The definition of facilitate is “to make easy” or “ease a process.” In the broadest sense, Facilitation is both art and science of making group’s work easier by structuring the process and guiding group members participation. It becomes especially important as organisation embraces Design Thinking, Co-creation and UX practices, where they open the design process not just users but to also a much wider range of stakeholders.

However ideas and outputs don’t just simply happen despite best intentions. Being a good facilitator isn’t the same as knowing how to manage people or run a meeting. It all comes down to understanding the tools–and structure–that help people collaborate.

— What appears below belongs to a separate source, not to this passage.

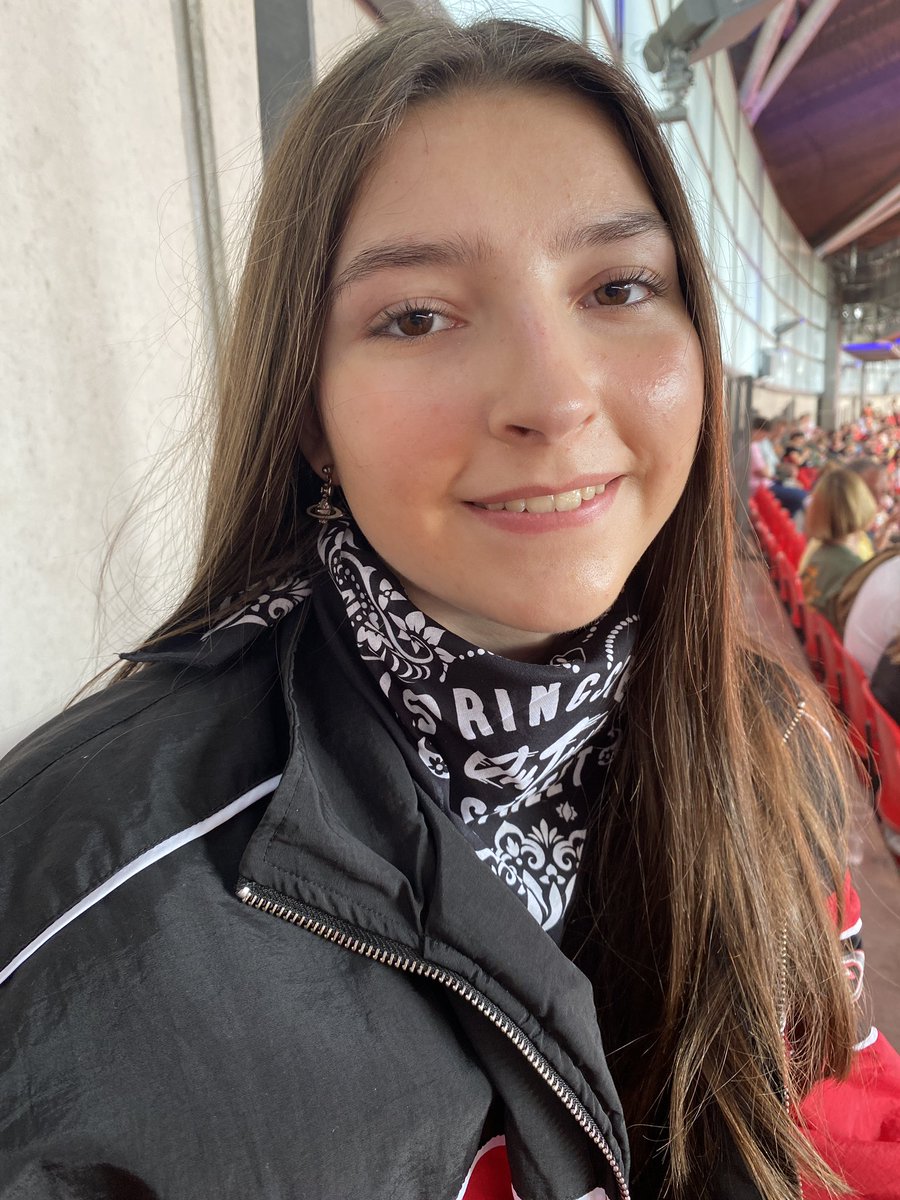 In the meantime we are working on ways to wear her bandana #BruceSpringsteen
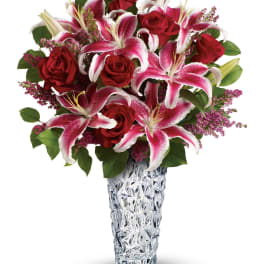 Teleflora's Diamonds And Lilies Bouquet DX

Designers need to become skilled communicators and facilitators, as they lead engagement initiatives with diverse group of stakeholders and bridge communication gaps in design process. A team that has a well-trained design facilitator can come to a drastically different outcome because they understand what it takes to create the right environment for good design to happen, and shape teams and clients towards shared understanding and successful outcomes.

The workshop explained core facilitation practice such as active listening, ask questions and bring neutral stance to encourage participation, keep group on task/purpose and ensure that the group’s objectives and deliverables of the session are met. As such, facilitator must take care of:

  • Outcomes (deliverables of the session)
  • Process (tools and techniques)
  • Time
  • I (neutrality as facilitator)
  • Context (culture and group dynamics)
  • Space (physical and emotive)

They must also be able to set aside their personal views, take a step back from bringing the detailed content, and focus purely on the “group process”. In this way, facilitator could bring shared understanding, get the best ideation from all members and bring the event toward successful decision, solution or conclusion. As such, facilitation is considered to become an increasingly important skill for organizations in order to harness and leverage those ‘diversity of thought’ productively.